Il futuro di Alicia Scherson. 2013

«tutta la scrittura è porcheria. Le persone che escono dal vago per cercar di precisare una qualsiasi cosa di quel che succede nel loro pensiero, sono dei porci»
Roma. Bianca e Tomas restano orfani a seguito di un incidente che ha causato la tragica morte dei loro genitori. Da quel momento, come un fulmine a ciel sereno, ai due non resta che crescere di botto e farsi una vita. Vada come vada. E va che i poveri fratello e sorella s’imbattono in due scansafatiche (tra cui uno è Nicolas Vaporidis, qui anche in veste di produttore associato), che escogitano il “colpo da maestro”: intrufolarsi nella villa di un attore sepolto sotto le macerie del tempo, messosi in mostra per il suo bel fisico e per una lunga serie di film in cui ha interpretato sempre lo stesso ruolo, quello di Maciste.
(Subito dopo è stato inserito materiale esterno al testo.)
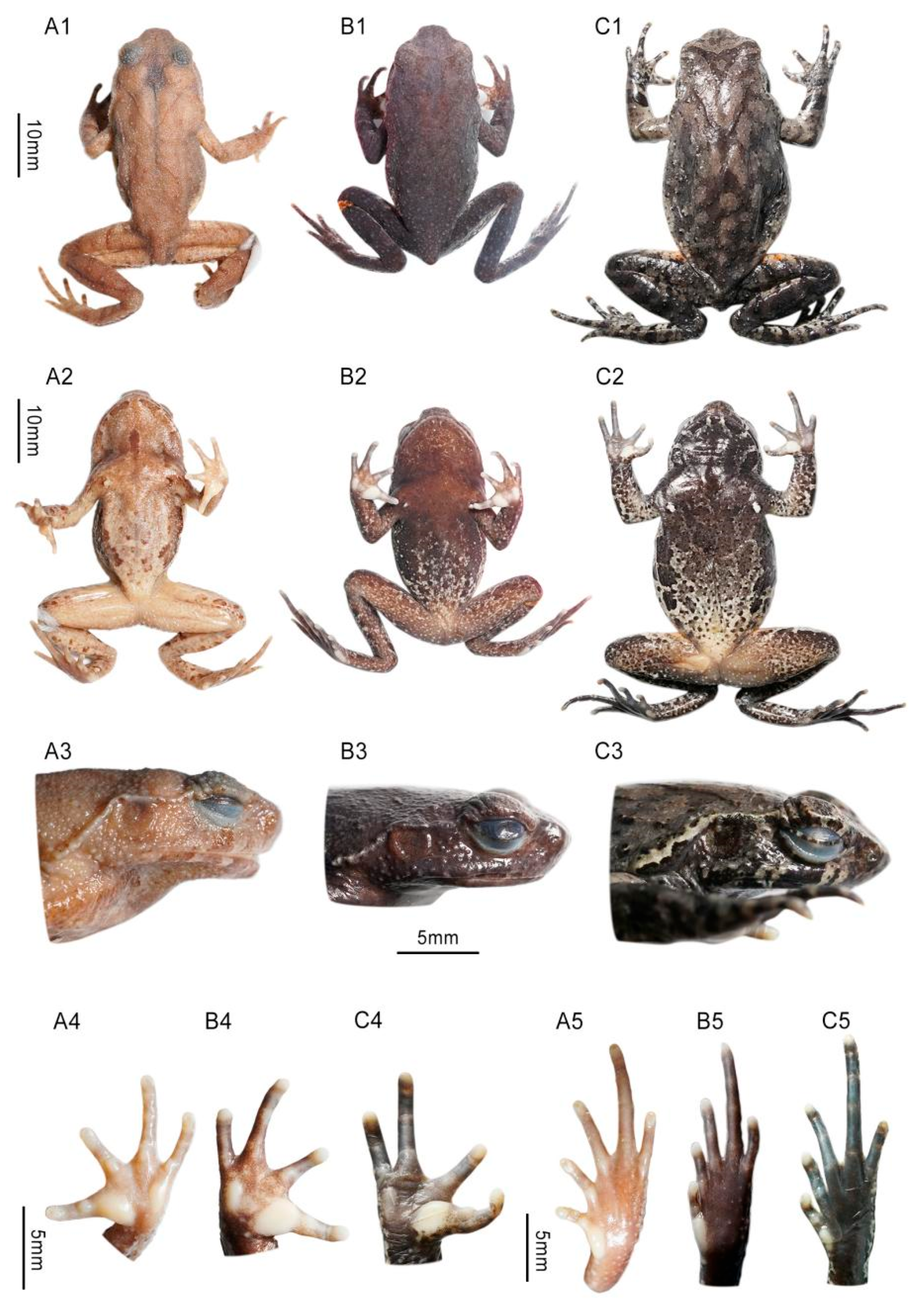 Animals 15 02745 g003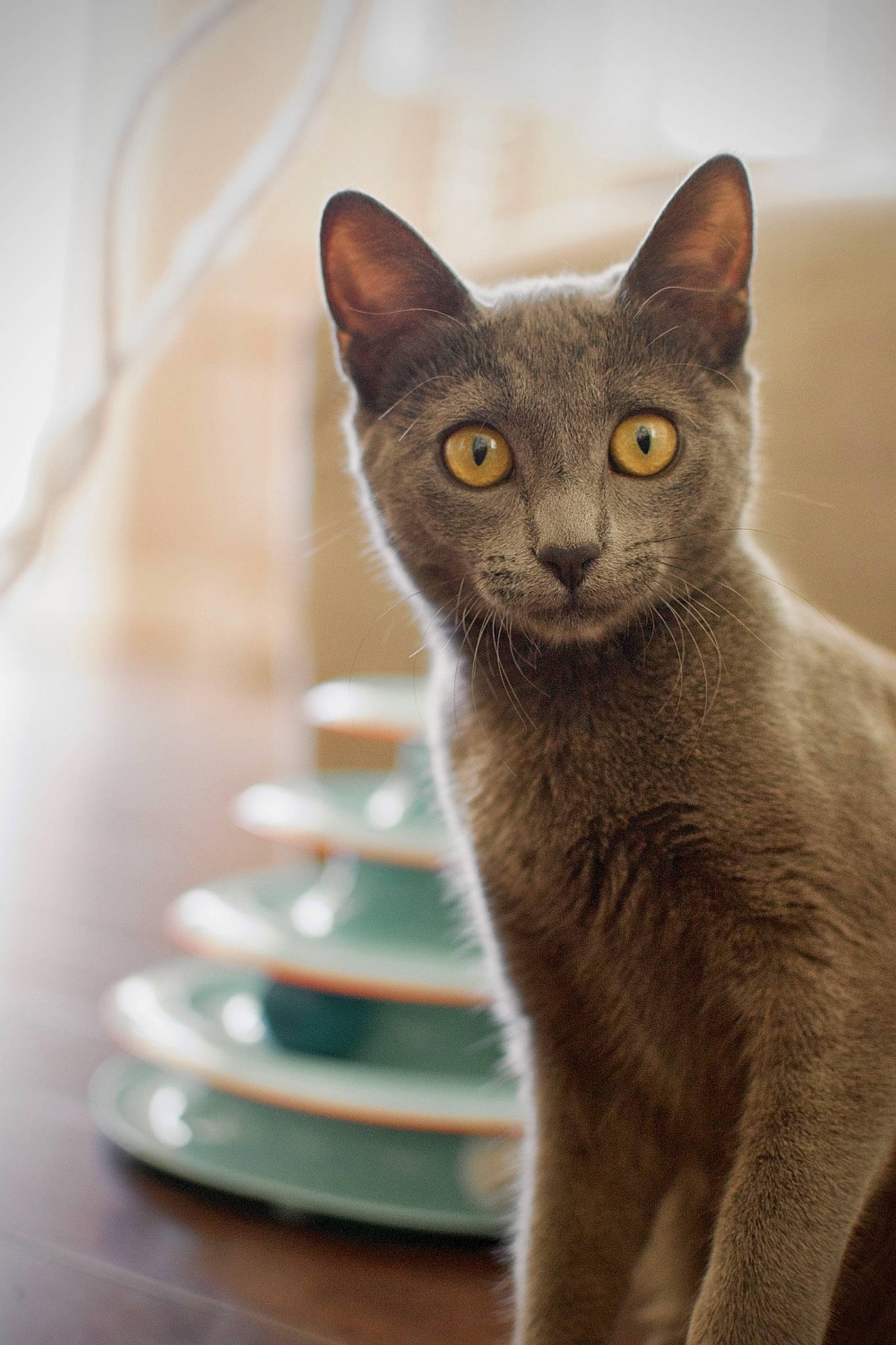 Panther is registered to the contest to win money with this photo: carnivore, cat, cat_supply, dishware, domestic_short_haired_cat, felidae, fur, grey, kitchen_utensil, plate, russian_blue, serveware, small_to_medium_sized_cats, snout, tableware, terrestrial_animal, whiskers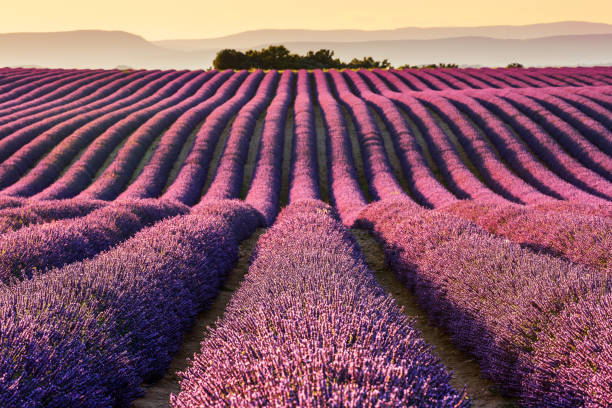 istock Provence, France. 1136600163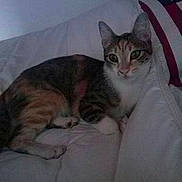 Princesse participe au concours pour gagner de l'argent avec cette photo :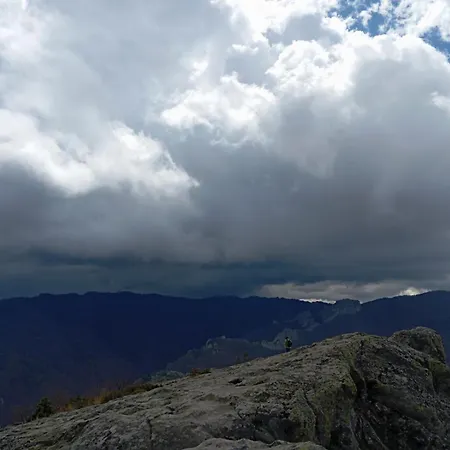 марциганица Asenovgrad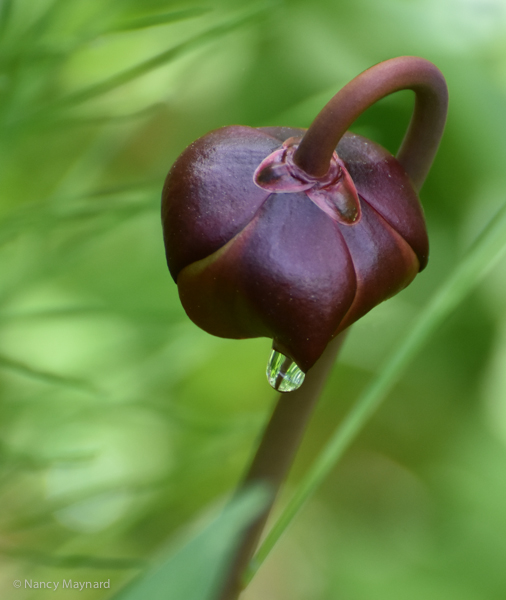 Pitcher plant flower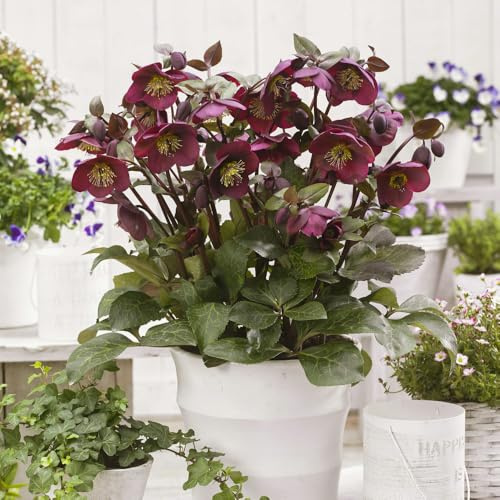 Bedwen Hellebore 'Frostkiss Anna's Red' 2L Plant – Winter Flowering Perennial with Marbled Foliage for Shade, Pots & Early‑Season Colour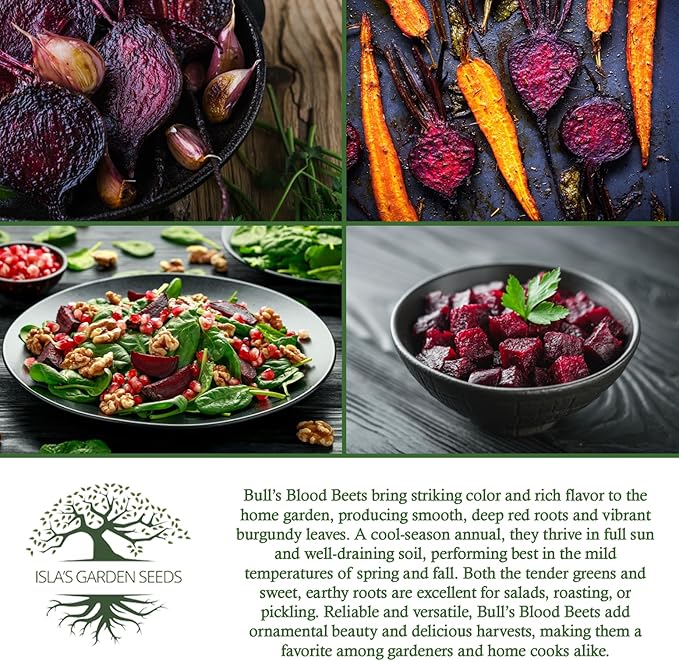 Bull’s Blood Beet Seeds (Beta vulgaris) – 100+ Heirloom Non-GMO Seeds by Isla’s Garden Seeds, Deep Red Roots & Burgundy Greens, Cool-Season Favorite, Dual-Purpose Variety, Great Home Garden Gift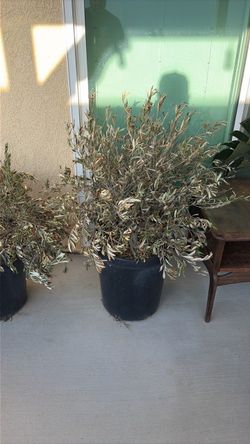 Olive trees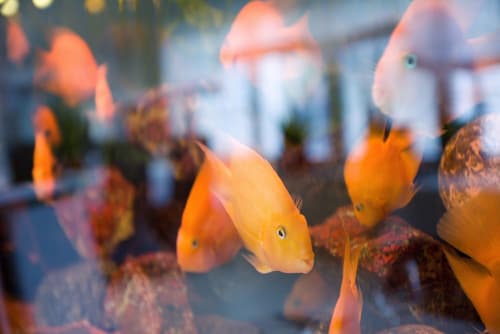 Parkhotel and Congress Center Pilsen, Interior entrance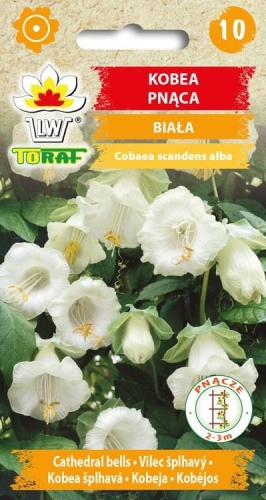 kobea-pnaca-biala-nasiona.jpg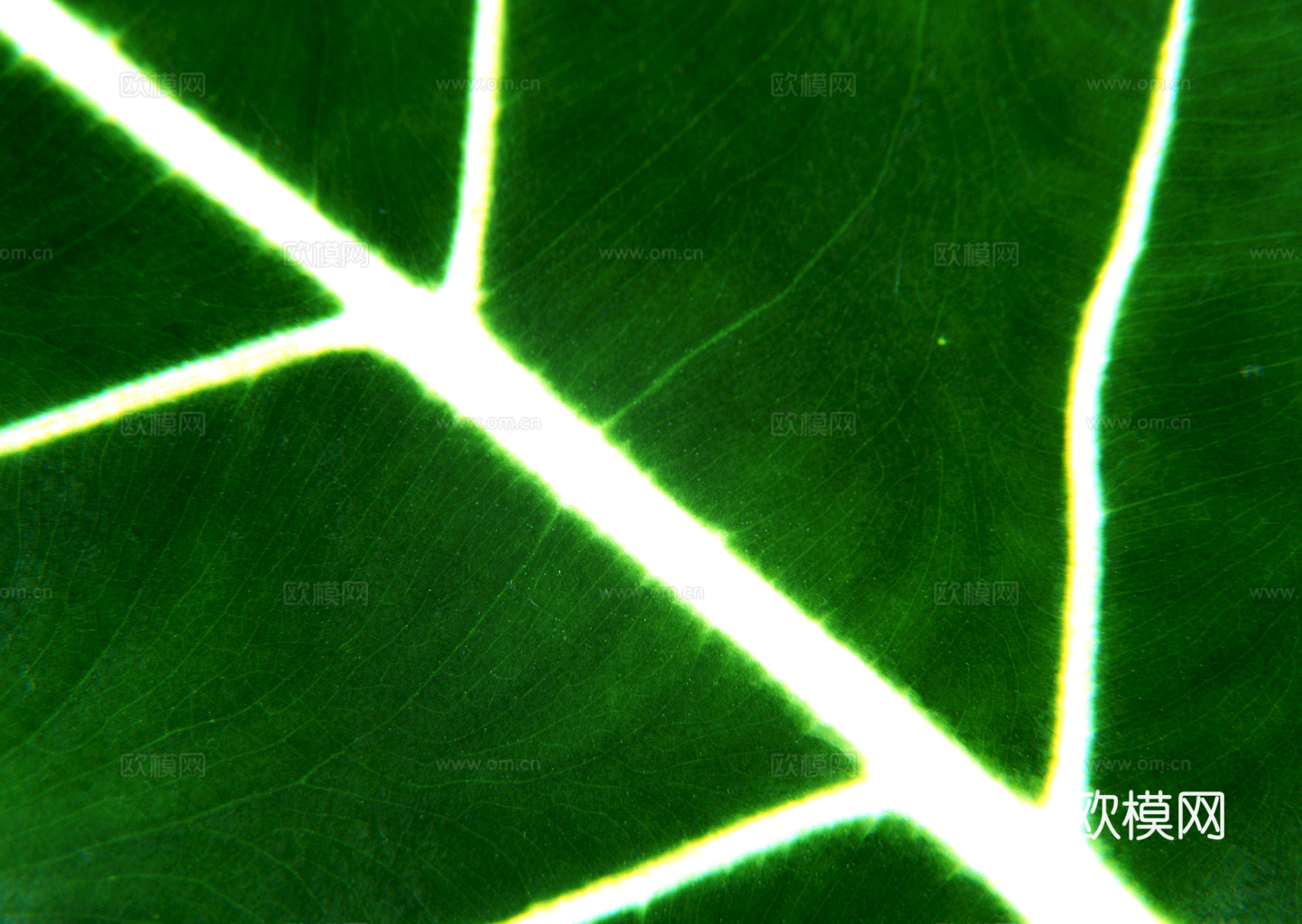 植物树叶 叶子  叶片纹理 绿叶 黄叶 红叶 绿植下载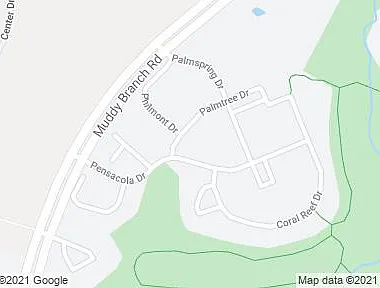 Palmtree Dr — Photo 23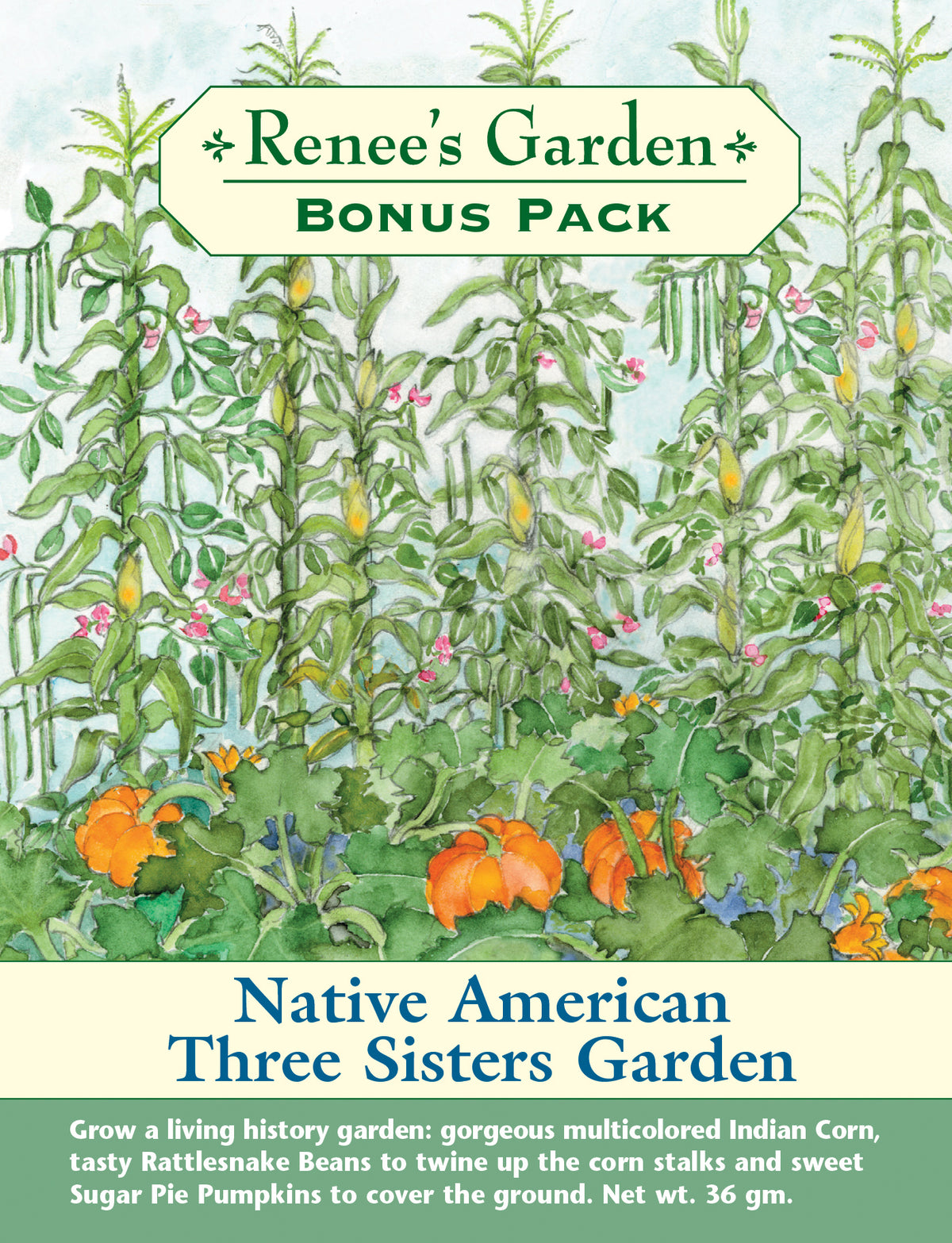 Bonus Pack - Native American Three Sisters Garden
Bianca è asettica in tutto il film, deve trovare la chiave che apre la cassaforte di Maciste. Ma avrà la sua prima cotta, anche se descritta in una maniera veramente banale. Ma poi perchè è sempre così oliata? Lui con mani grossolane le prepara sandwich e le chiede delucidazioni in merito al colore del proprio sperma. Un film veramente vuoto.Fallimentare. Una porcheria. Tuttavia ringrazio la giovane regista cilena e tutti i registi che, in Italia, ci parlano di angoli nostrani.